> **Task item**
Without the pictures, set down every record below exactly as it reads.

Short web captions
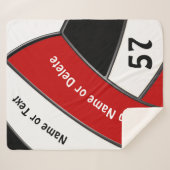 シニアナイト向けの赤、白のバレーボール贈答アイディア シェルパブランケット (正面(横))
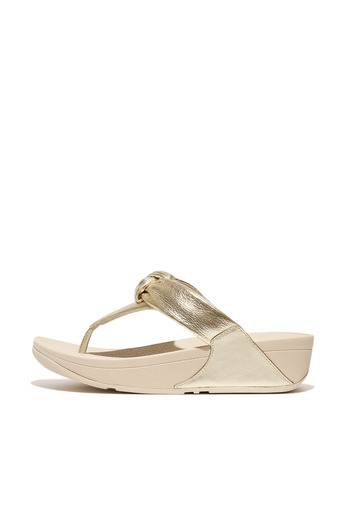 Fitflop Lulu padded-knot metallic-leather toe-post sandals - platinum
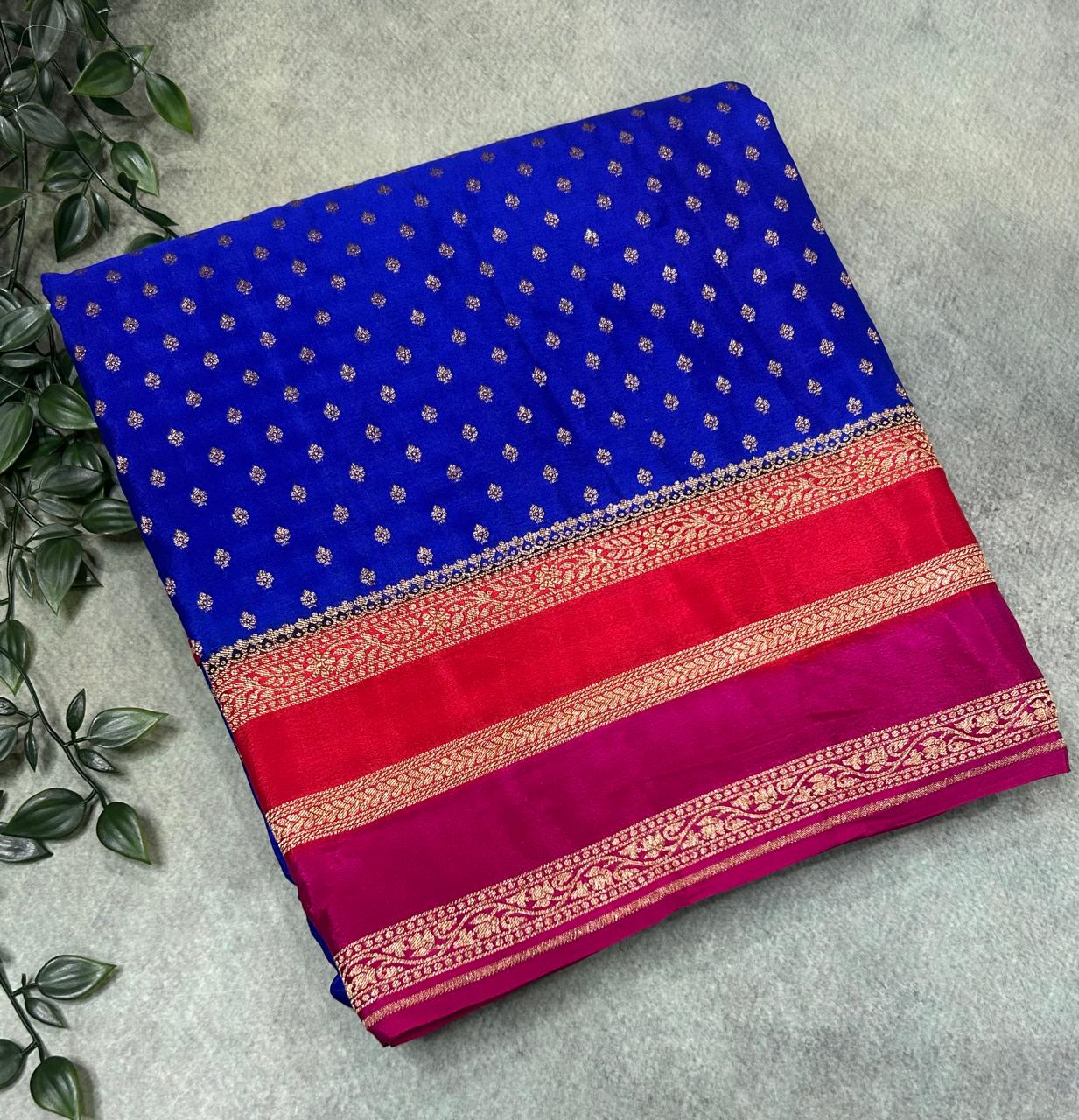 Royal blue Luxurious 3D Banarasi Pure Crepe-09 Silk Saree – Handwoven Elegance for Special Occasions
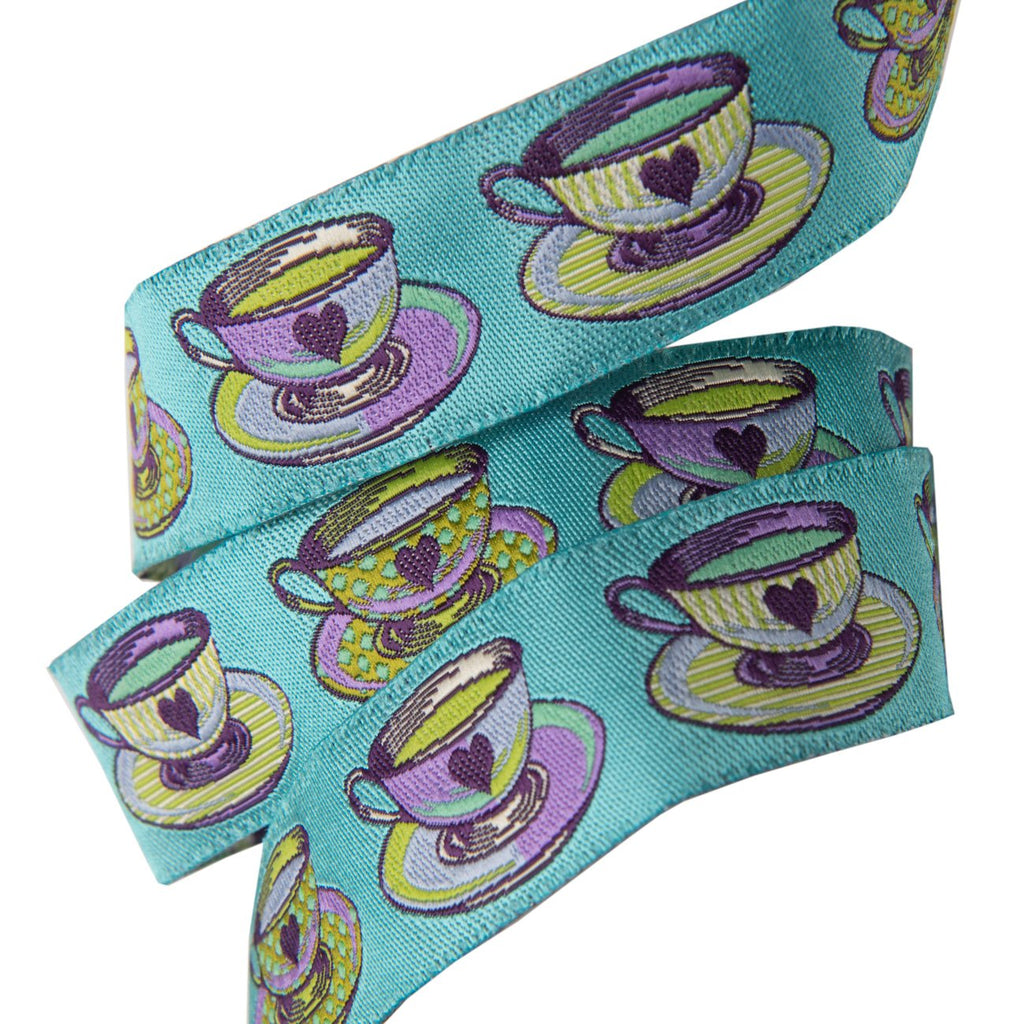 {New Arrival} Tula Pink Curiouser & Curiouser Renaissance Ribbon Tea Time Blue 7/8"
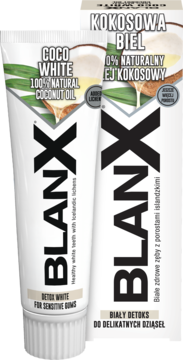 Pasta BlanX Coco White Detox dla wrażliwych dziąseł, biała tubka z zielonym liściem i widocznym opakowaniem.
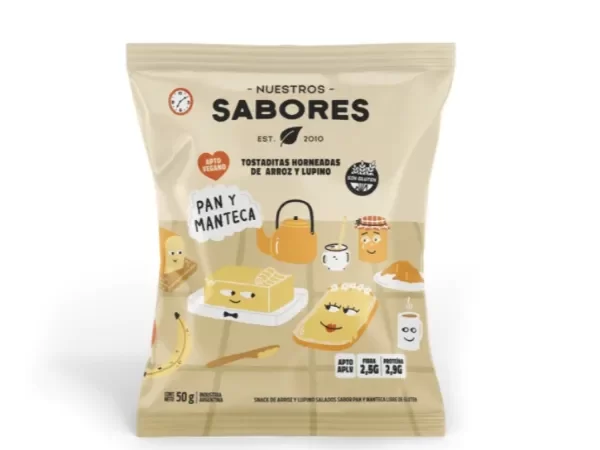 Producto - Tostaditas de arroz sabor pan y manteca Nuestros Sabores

> **Answer to the exercise**
 シニアナイト向けの赤、白のバレーボール贈答アイディア シェルパブランケット (正面(横))
 Fitflop Lulu padded-knot metallic-leather toe-post sandals - platinum
 Royal blue Luxurious 3D Banarasi Pure Crepe-09 Silk Saree – Handwoven Elegance for Special Occasions
 {New Arrival} Tula Pink Curiouser & Curiouser Renaissance Ribbon Tea Time Blue 7/8"
 Pasta BlanX Coco White Detox dla wrażliwych dziąseł, biała tubka z zielonym liściem i widocznym opakowaniem.
 Producto - Tostaditas de arroz sabor pan y manteca Nuestros Sabores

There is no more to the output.